*WHAT IS EXPECTED*
Could you print the data that follows exactly as given?

(Short web captions)
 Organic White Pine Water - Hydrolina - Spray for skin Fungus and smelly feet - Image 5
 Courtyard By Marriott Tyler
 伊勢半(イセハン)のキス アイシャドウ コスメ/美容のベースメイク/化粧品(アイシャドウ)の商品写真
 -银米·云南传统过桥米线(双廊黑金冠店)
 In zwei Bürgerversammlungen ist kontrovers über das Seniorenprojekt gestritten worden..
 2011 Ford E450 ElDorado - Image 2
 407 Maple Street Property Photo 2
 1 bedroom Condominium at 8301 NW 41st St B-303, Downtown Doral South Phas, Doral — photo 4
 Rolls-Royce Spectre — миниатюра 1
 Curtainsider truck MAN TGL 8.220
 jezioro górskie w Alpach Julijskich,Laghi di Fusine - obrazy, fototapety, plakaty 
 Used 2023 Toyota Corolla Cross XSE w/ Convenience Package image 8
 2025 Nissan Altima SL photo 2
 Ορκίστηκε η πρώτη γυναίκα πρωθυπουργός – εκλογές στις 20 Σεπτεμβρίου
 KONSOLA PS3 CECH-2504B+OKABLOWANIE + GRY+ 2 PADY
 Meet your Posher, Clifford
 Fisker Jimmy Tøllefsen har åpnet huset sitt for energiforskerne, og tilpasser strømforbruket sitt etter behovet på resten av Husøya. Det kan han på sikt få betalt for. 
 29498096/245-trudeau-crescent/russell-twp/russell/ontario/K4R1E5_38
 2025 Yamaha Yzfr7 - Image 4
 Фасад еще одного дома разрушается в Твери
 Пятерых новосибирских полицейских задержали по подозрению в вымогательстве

*PROBLEM SOLUTION*
 Organic White Pine Water - Hydrolina - Spray for skin Fungus and smelly feet - Image 5
 Courtyard By Marriott Tyler
 伊勢半(イセハン)のキス アイシャドウ コスメ/美容のベースメイク/化粧品(アイシャドウ)の商品写真
 -银米·云南传统过桥米线(双廊黑金冠店)
 In zwei Bürgerversammlungen ist kontrovers über das Seniorenprojekt gestritten worden..
 2011 Ford E450 ElDorado - Image 2
 407 Maple Street Property Photo 2
 1 bedroom Condominium at 8301 NW 41st St B-303, Downtown Doral South Phas, Doral — photo 4
 Rolls-Royce Spectre — миниатюра 1
 Curtainsider truck MAN TGL 8.220
 jezioro górskie w Alpach Julijskich,Laghi di Fusine - obrazy, fototapety, plakaty 
 Used 2023 Toyota Corolla Cross XSE w/ Convenience Package image 8
 2025 Nissan Altima SL photo 2
 Ορκίστηκε η πρώτη γυναίκα πρωθυπουργός – εκλογές στις 20 Σεπτεμβρίου
 KONSOLA PS3 CECH-2504B+OKABLOWANIE + GRY+ 2 PADY
 Meet your Posher, Clifford
 Fisker Jimmy Tøllefsen har åpnet huset sitt for energiforskerne, og tilpasser strømforbruket sitt etter behovet på resten av Husøya. Det kan han på sikt få betalt for. 
 29498096/245-trudeau-crescent/russell-twp/russell/ontario/K4R1E5_38
 2025 Yamaha Yzfr7 - Image 4
 Фасад еще одного дома разрушается в Твери
 Пятерых новосибирских полицейских задержали по подозрению в вымогательстве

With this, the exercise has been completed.